Compared with other countries, we are very privileged in the United States to have this access, and we should, honestly, capitalize on it every chance we get to better educate ourselves. To me, it seems like a no-brainer, but it’s easy to see how we can take it for granted because of its availability.

Our history and unique situation of being a melting pot has also given us the comfort of ignorance in thinking interactions with minorities and people of color are enough to be educated. As for lack of access to those in poverty or where technology is not readily available, that’s an issue of the lack of investment in education and public libraries, but it’s a different story.

This is not in any way trying to be hostile, it’s a genuine curiosity of why we don’t try to do more to educate ourselves when we have plenty of opportunities to do so. I do sincerely appreciate it when people want to know more about my culture.

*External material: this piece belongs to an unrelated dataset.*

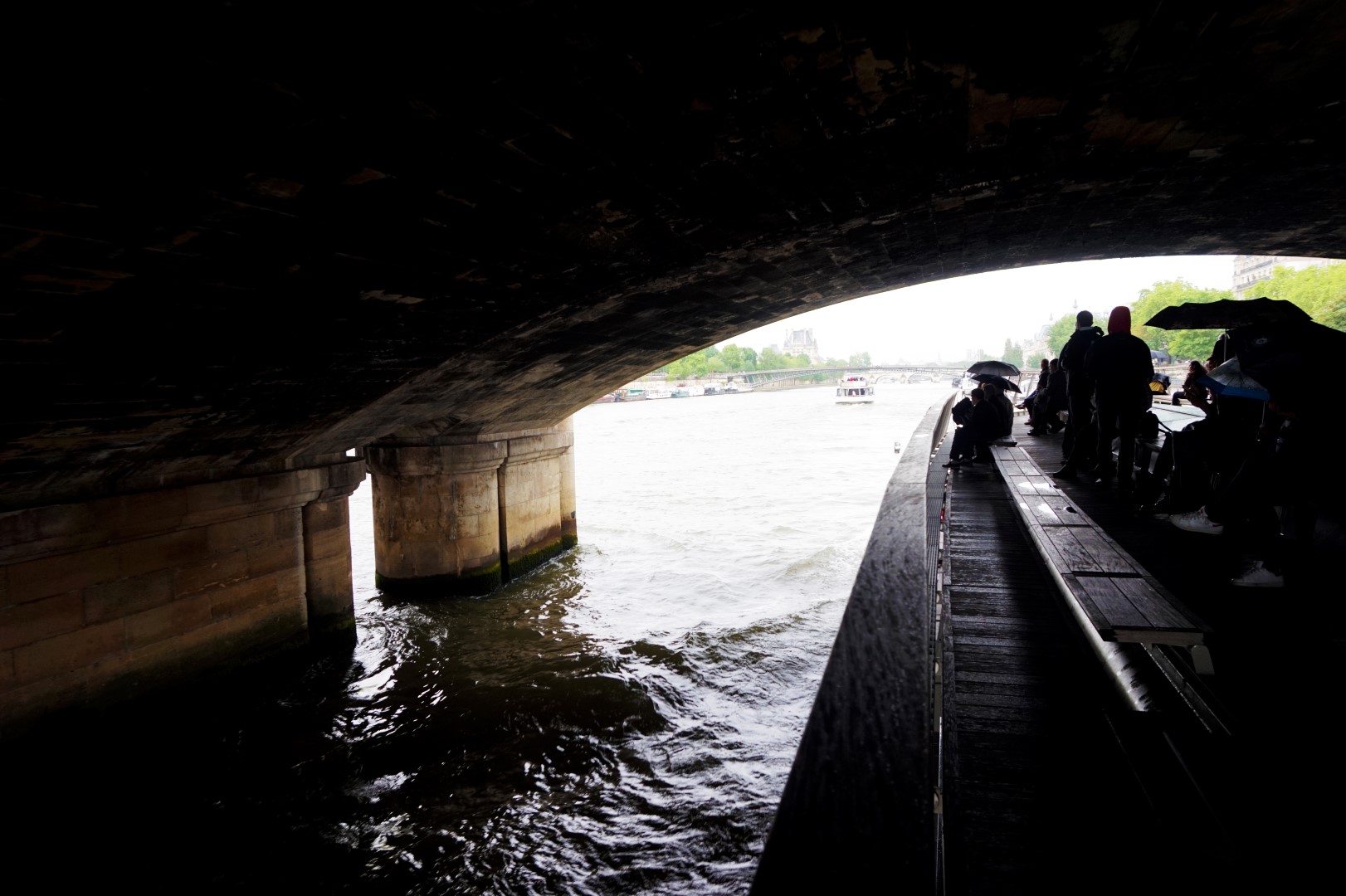 Croisière sur la Seine - Bateaux Parisiens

It’s why so many people of color and minorities on campus join their respective student organizations — to spread awareness and be a resource.

People shouldn’t have to feel as if their lives are abnormal because of our own discomfort or lack of knowledge.

But when people ask questions and I have to answer them, it often feels like a justification for my existence and sometimes a burden. It begins to feel like that when people in my personal life ask basic questions when I’m just going about my daily business. The context in which questions arise matter just as much as how they are asked. There’s a big difference between asking me about the food at a cultural event versus asking me while I’m in the middle of eating lunch.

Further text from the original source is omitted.